DATA SHOWN section start
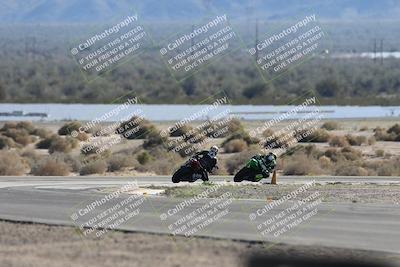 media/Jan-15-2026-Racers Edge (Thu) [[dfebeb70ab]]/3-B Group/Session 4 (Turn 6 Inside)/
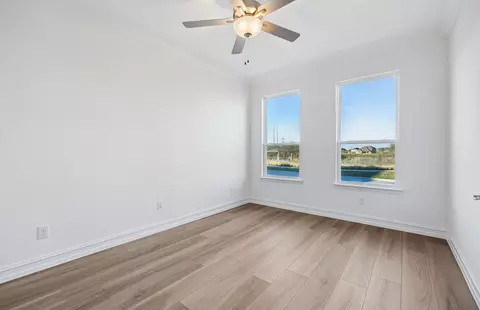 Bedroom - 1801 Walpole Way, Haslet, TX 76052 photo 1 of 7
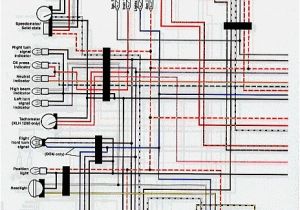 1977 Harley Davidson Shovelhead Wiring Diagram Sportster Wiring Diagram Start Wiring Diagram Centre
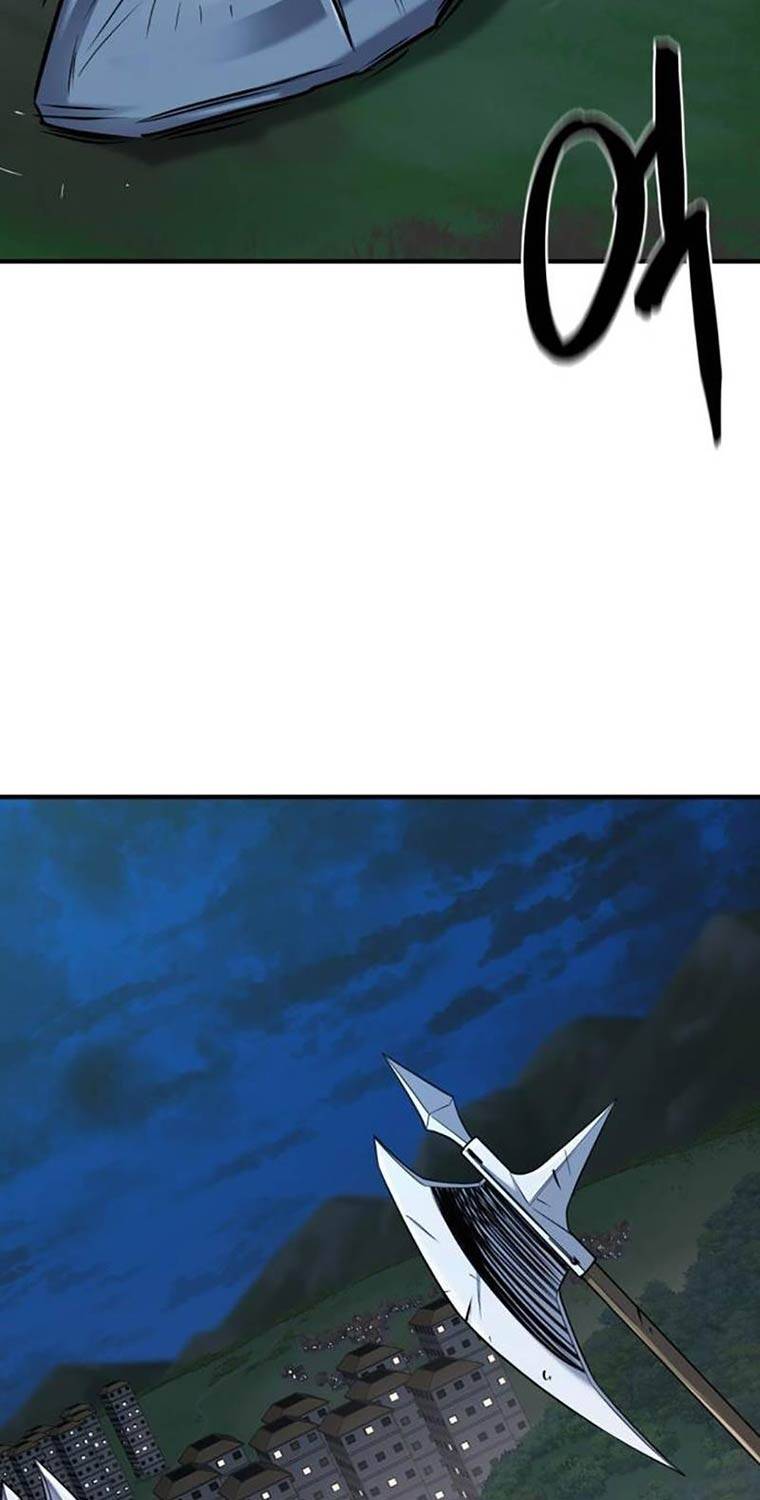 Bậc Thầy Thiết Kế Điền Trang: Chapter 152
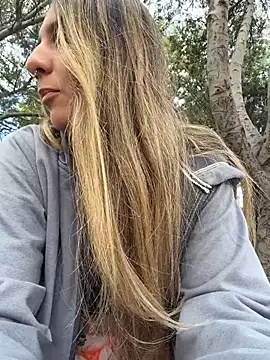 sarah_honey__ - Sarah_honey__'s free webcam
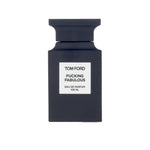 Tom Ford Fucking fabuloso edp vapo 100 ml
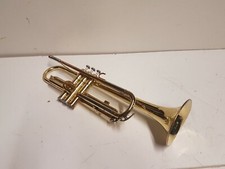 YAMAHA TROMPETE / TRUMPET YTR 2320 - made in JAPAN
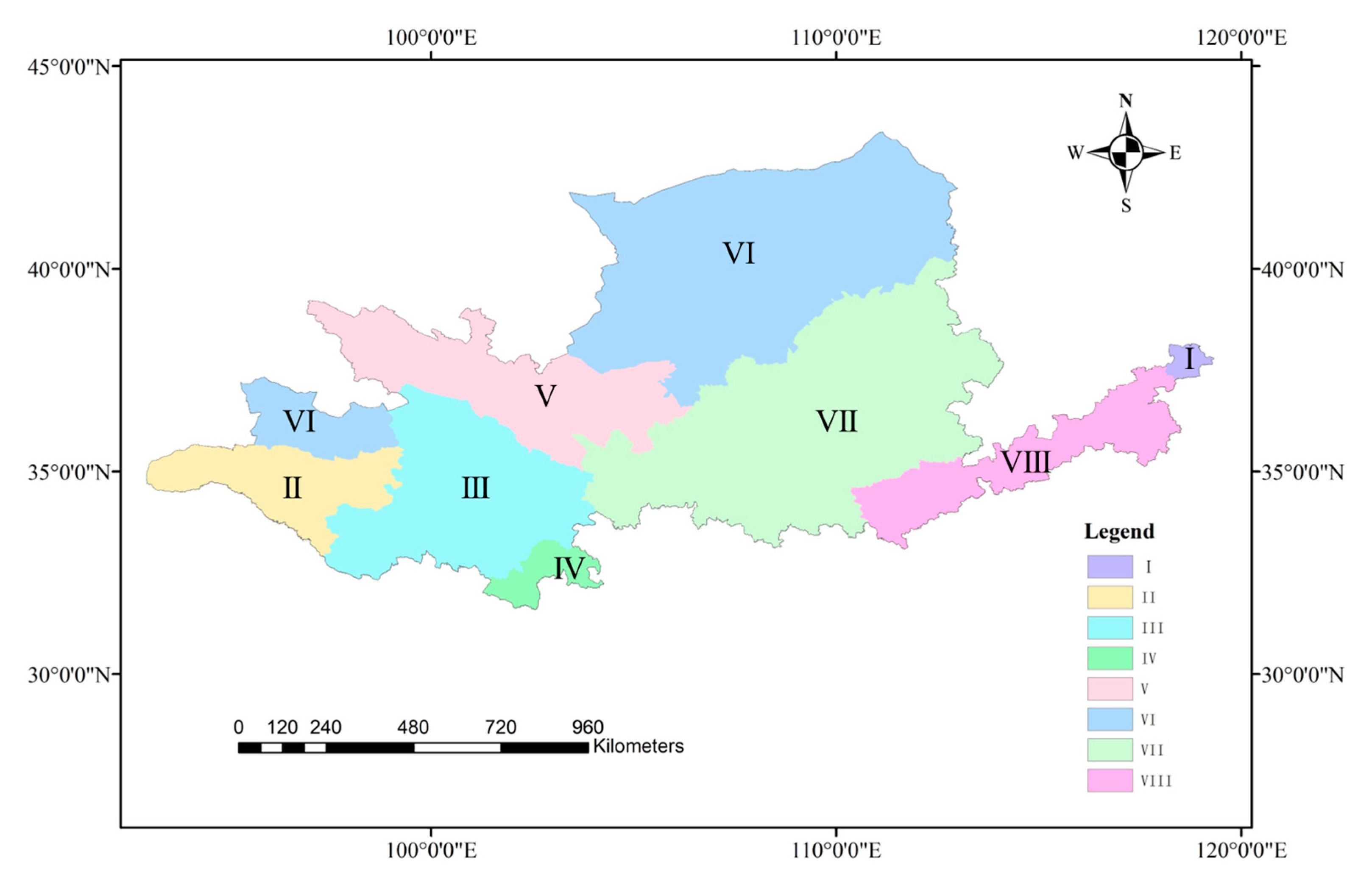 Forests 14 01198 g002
DATA SHOWN section end
DATA SHOWN section start
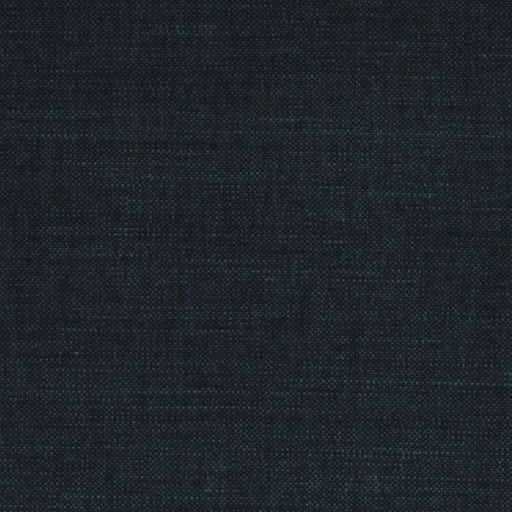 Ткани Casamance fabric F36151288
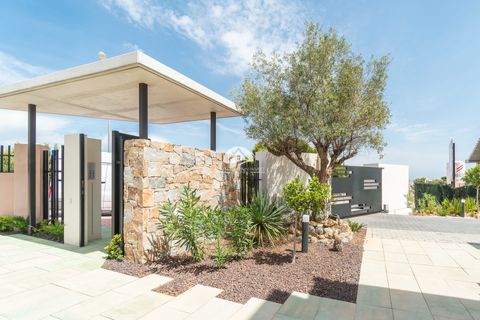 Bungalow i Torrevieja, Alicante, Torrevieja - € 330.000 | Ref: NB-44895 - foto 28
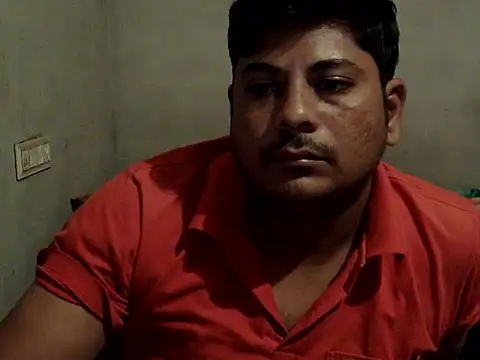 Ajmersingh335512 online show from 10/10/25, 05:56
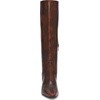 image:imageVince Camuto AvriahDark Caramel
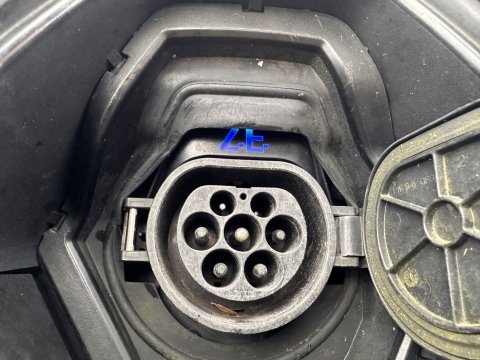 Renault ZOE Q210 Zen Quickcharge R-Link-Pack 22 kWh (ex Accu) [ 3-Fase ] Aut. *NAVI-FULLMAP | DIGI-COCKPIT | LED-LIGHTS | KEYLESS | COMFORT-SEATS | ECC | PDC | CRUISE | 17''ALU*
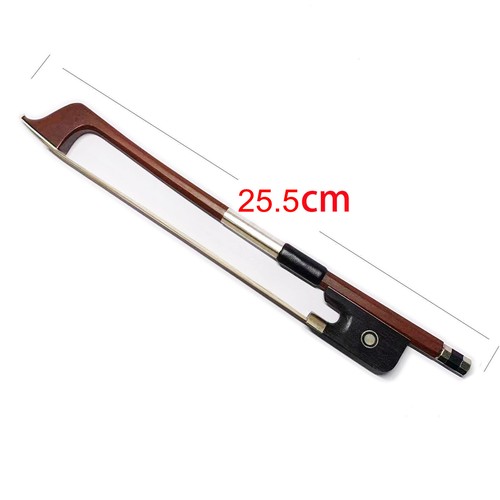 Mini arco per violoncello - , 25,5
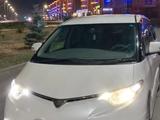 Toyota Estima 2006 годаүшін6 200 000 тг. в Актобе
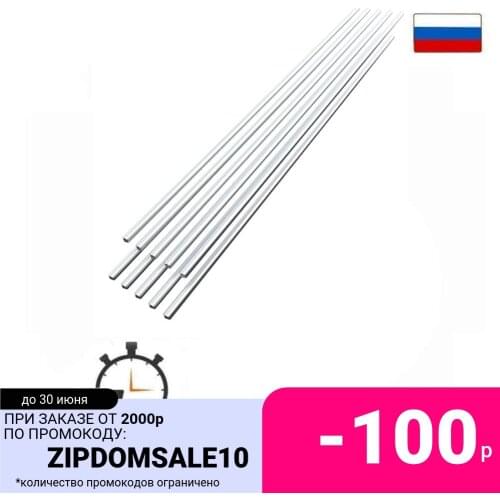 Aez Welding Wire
DATA SHOWN section end
:: WHAT THE EXERCISE ASKS ::
How would the lines above read from the one with "media/Jan-15-2026-Racers Edge (Thu)" to the one with "Forests 14 01198 g002", inclusive, with no pictures? Write them out exactly.

:: WRITTEN SOLUTION ::
 media/Jan-15-2026-Racers Edge (Thu) [[dfebeb70ab]]/3-B Group/Session 4 (Turn 6 Inside)/
 Bedroom - 1801 Walpole Way, Haslet, TX 76052 photo 1 of 7
 1977 Harley Davidson Shovelhead Wiring Diagram Sportster Wiring Diagram Start Wiring Diagram Centre
 Bậc Thầy Thiết Kế Điền Trang: Chapter 152
 sarah_honey__ - Sarah_honey__'s free webcam
 Tom Ford Fucking fabuloso edp vapo 100 ml
 YAMAHA TROMPETE / TRUMPET YTR 2320 - made in JAPAN
 Forests 14 01198 g002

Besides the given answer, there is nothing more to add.